- _Action item_:
Everything in the data except the pictures belongs in your answer, copied exactly.

- _Dataset extract_:
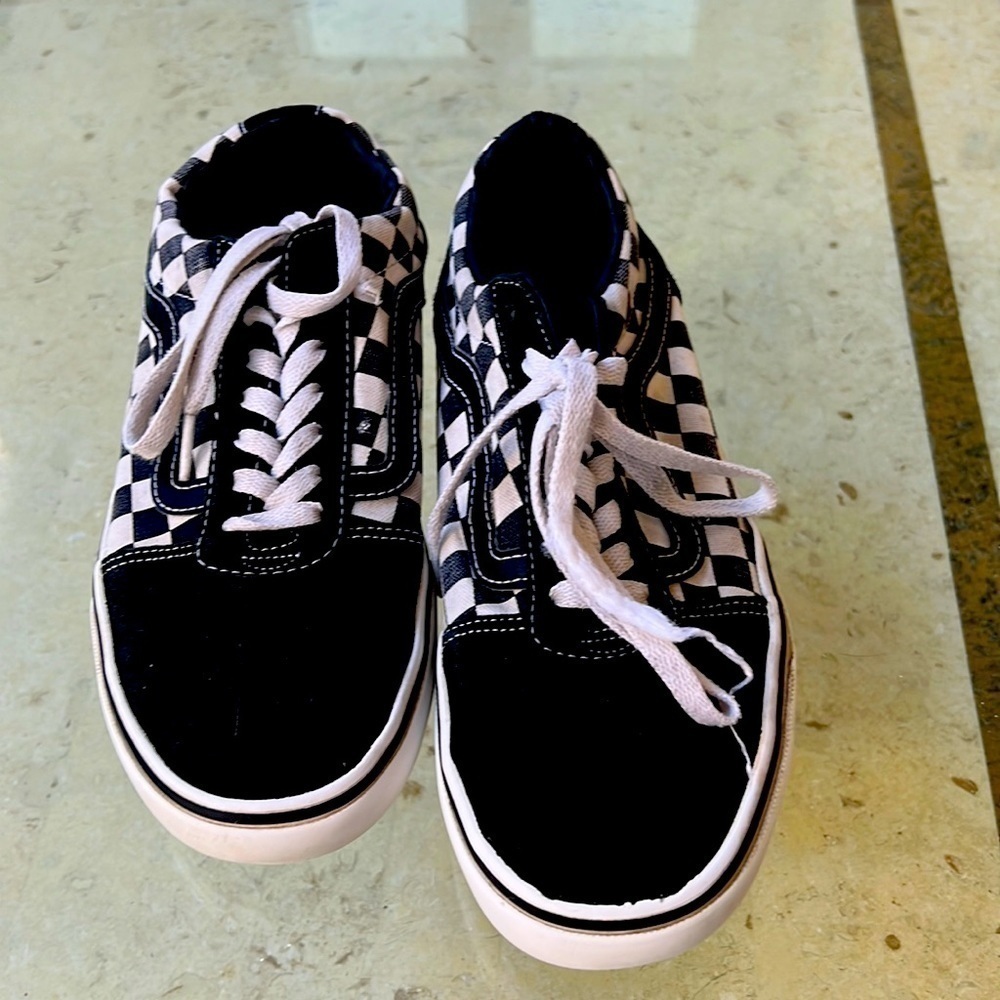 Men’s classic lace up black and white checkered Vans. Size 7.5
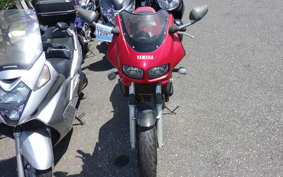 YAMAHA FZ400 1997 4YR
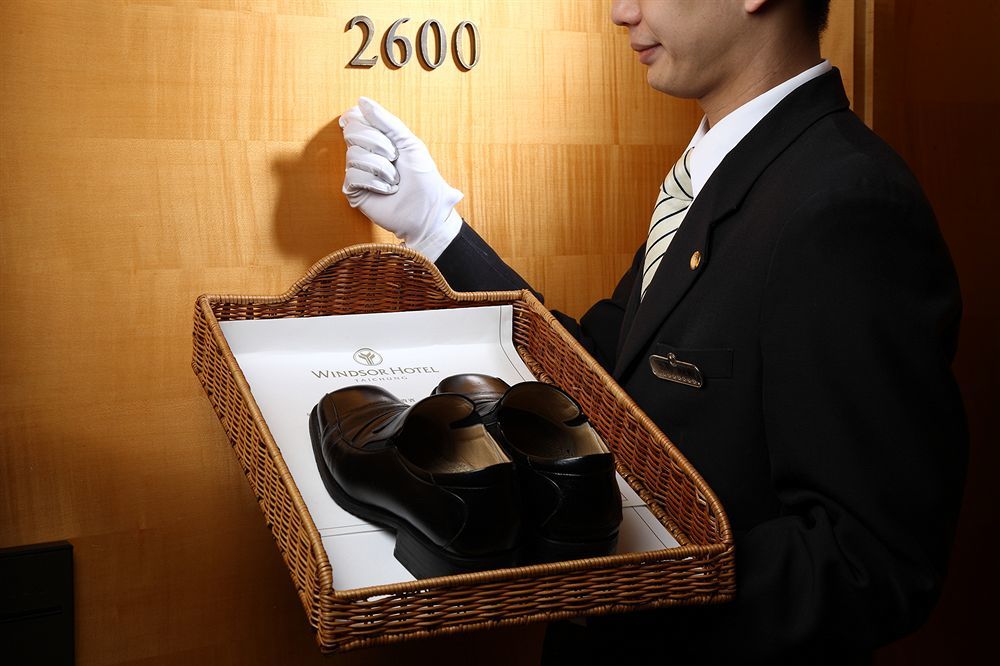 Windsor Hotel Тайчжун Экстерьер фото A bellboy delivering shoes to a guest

- _Answer for the task_:
 Men’s classic lace up black and white checkered Vans. Size 7.5
 YAMAHA FZ400 1997 4YR
 Windsor Hotel Тайчжун Экстерьер фото A bellboy delivering shoes to a guest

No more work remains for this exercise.